Kristin Sohl, Child Health Department Advocacy Director, said the project could have an important impact.

"We recently were awarded a grant that allowed us to expand our curriculum around advocacy training, and then also leverage some of that funding to do a small project," Sohl said. "That project was a partnership between many members of the community and specifically targets refugee families. In Columbia, we have quite a few refugee families particularly from East Africa. These families come to us having experienced significant trauma and many of the have a hard time interacting or accessing care through our health systems."

The grant will mainly be focused on helping East African refugee children by informing families on the best options for care.

Grant Coordinator Megan Gore said this group of children has a need for unique care.

"We're seeing that there's a large amount of stress among the children in any refugee population and there's not always enough clinicians specialized in dealing with those types of symptoms like PTSD, anxiety and depression in a culture they may have never experienced," Gore said.

Sohl said refugee families face a far different reality from that of average citizens.

"Many of us take for granted, the ease of access and understandings we have of child health," Sohl said. "When our child gets sick, we know where to go. When our child gets hurt, we know where to go. But, when you are transported literally from a different country under very traumatic circumstances into the middle of America, it is very overwhelming."

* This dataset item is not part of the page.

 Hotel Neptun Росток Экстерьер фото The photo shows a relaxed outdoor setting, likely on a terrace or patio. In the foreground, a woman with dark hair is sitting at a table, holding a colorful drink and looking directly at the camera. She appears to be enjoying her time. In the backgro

Sohl said many refugees struggle with the basics, like knowing where they can go in case of an emergency.

"What we've learned is that many of these families come here and don't know where to go," Sohl said. "They don't know about South Providence Pediatrics, they don't know about Tiger Pediatrics, they don't know whether to go to urgent care or the emergency room."

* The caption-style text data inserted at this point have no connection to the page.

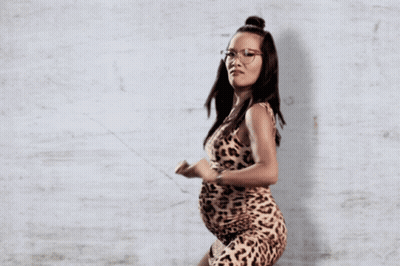 A Pregnant Woman In A Leopard Print Dress GIF
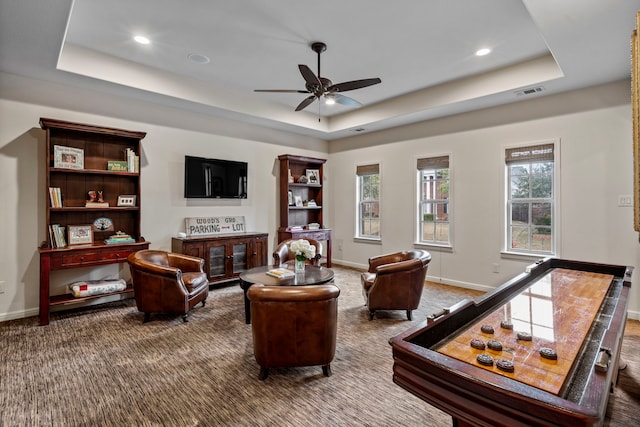 7315 Danashire Ave, Dallas, TX 75231 - living area featuring a tray ceiling, carpet flooring, ceiling fan, recessed lighting, and baseboards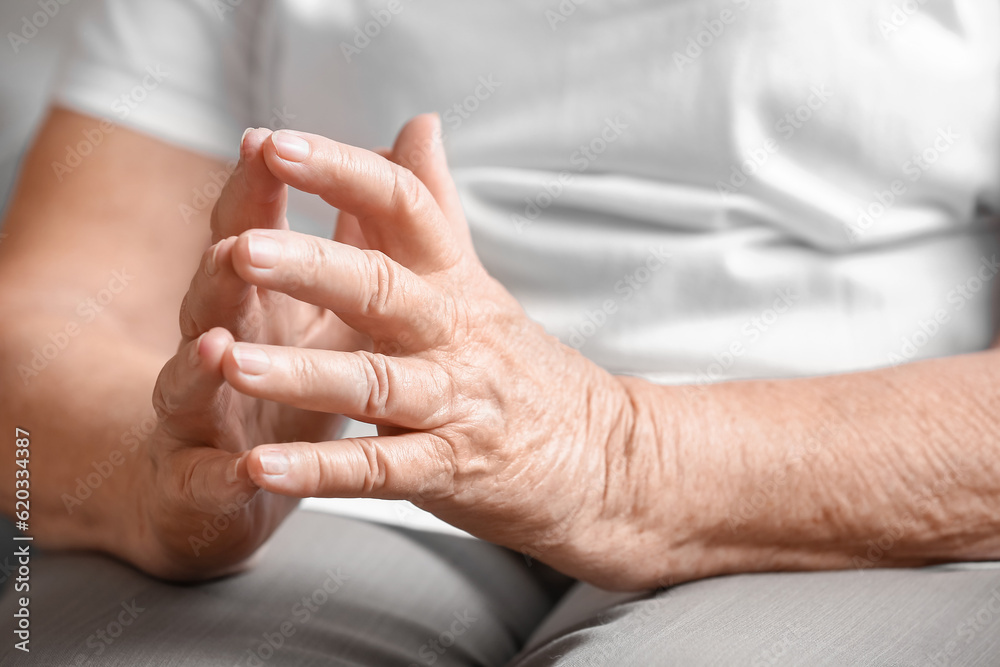 Hands of senior woman sitting at home, closeup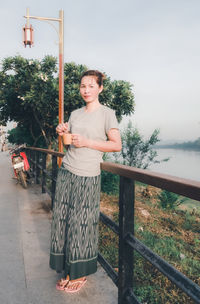 Portrait of mature man standing by railing against sky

Many East African children frequent Granny's House, an after school program aimed at nurturing children in public housing. Granny's House founder Pam Ingram said the amount of refugee children in Columbia has only increased over the years.

"At Granny's House they started coming maybe 9 or 10 years ago, and since that time our enrollment has transitioned to being about 70-80 percent refugee children," Ingram said.

MU Health said the grant will be able to impact around 100 refugee children, coming from Eritrean, Somalian, Congolese and Ethiopian communities in Columbia.

Ingram said most people don't know the kind of hardships many of these children have been through.

"We all look at people's lives through the lens that we have," Ingram said. "Our lens is formed by our education, our culture, our upbringing, our parents and I think it's critical that not just doctors, but everyone really understand what some of these kids have been through."

Sohl said this program would help bridge the gap many refugees often confront when seeking care.

"What we felt like was important was to get our child health residents up to speed," Sohl said. "So when a child or family came to them from a refugee community our residents were equipped and ready to be culturally sensitive and culturally appropriate with those families."

Ingram said bringing these two groups together is important to developing a relationship of understanding.

"If you grew up in a village, and you have not gone to a doctor in your native country, it'd be kind of a scary place," Ingram said. "They all have these white coats and everyone looks so serious. So anything you can do to bring them together in a social, non-intimidating setting would be really good."

Sohl said the early components of the project will be a "lend-and-learn" library where families can check out developmentally appropriate toys for children to use, and informal meetings between East African refugee families and health care providers.